• [Material provided]
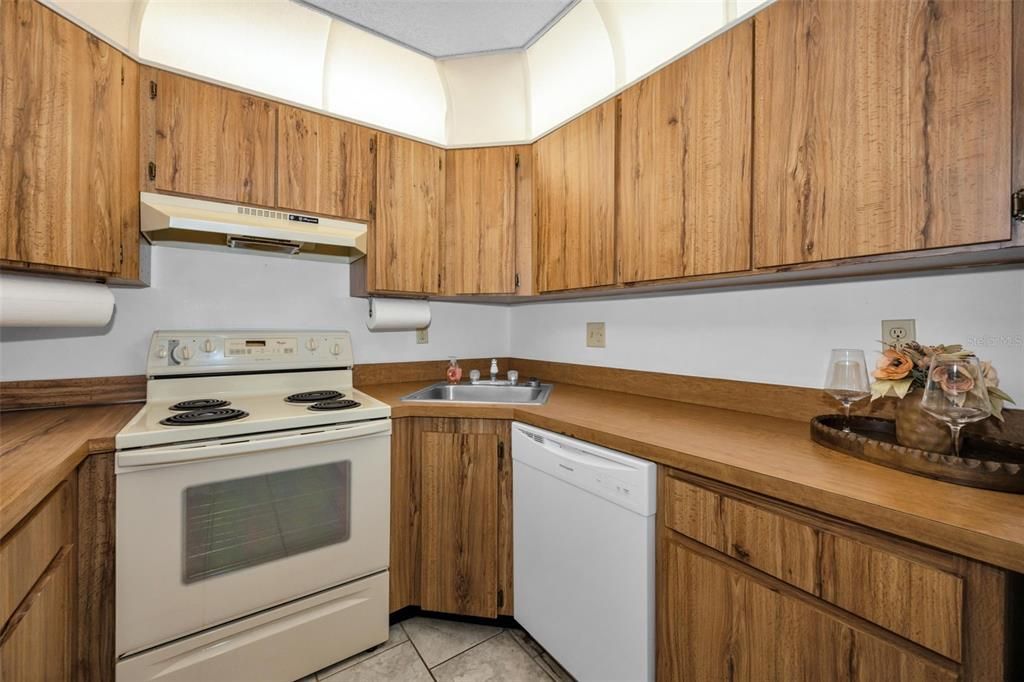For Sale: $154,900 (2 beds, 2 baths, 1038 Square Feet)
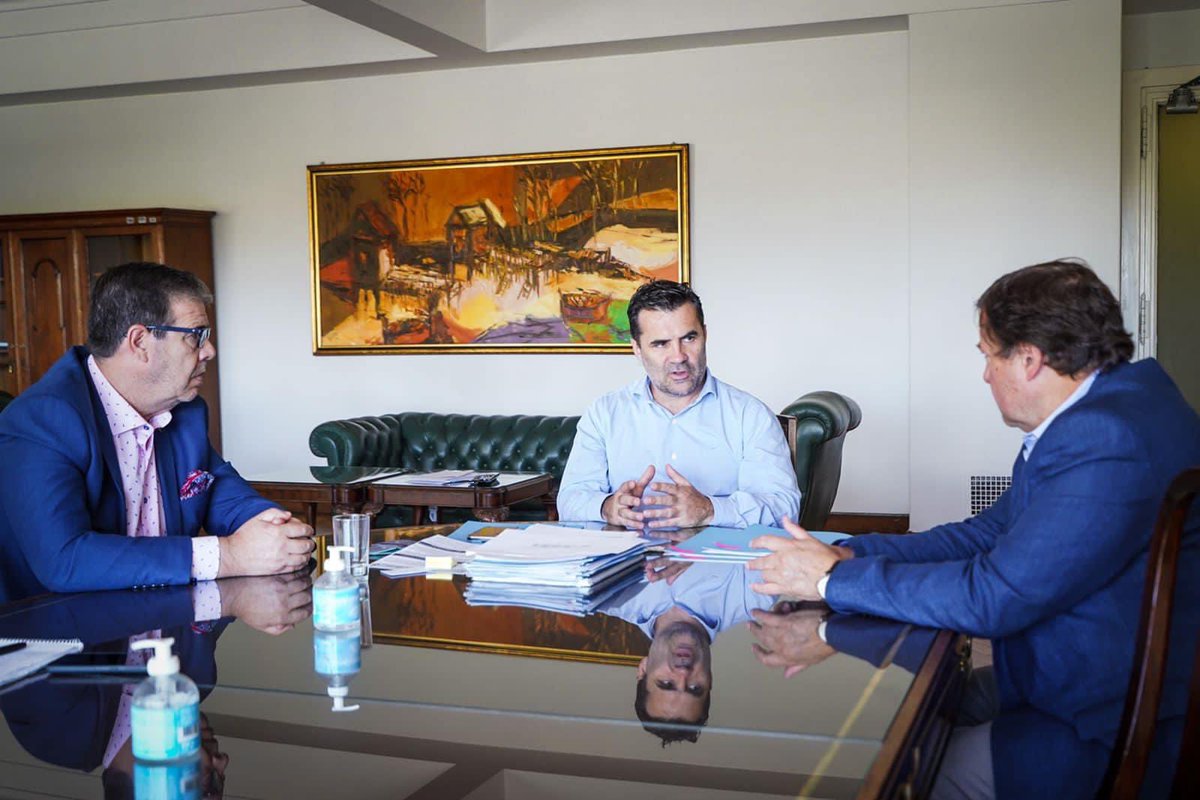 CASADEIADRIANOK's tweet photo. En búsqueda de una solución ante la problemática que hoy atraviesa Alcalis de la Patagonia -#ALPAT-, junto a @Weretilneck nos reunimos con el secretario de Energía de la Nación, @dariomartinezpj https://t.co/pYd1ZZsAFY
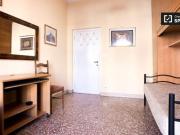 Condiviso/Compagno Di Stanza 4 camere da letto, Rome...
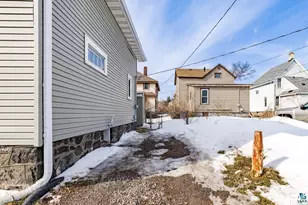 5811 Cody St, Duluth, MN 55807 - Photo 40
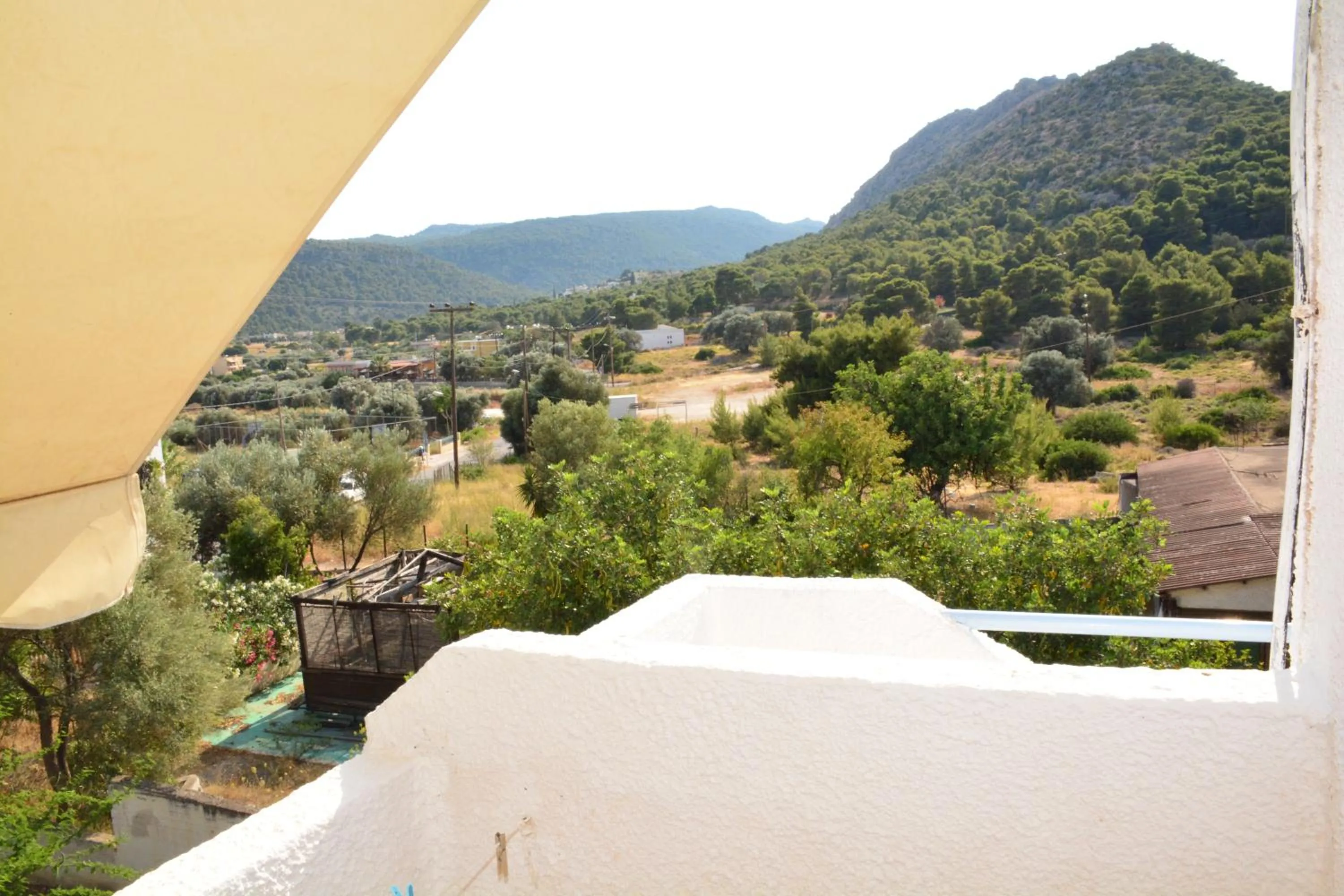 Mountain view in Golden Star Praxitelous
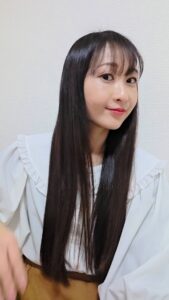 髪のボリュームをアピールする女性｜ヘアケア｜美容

• [Assigned task] Only the lines from the one holding "Mountain view in Golden Star Praxitelous" through the end of the records belong in the answer, copied exactly and without pictures.

• [Completed exercise]
 Mountain view in Golden Star Praxitelous
 髪のボリュームをアピールする女性｜ヘアケア｜美容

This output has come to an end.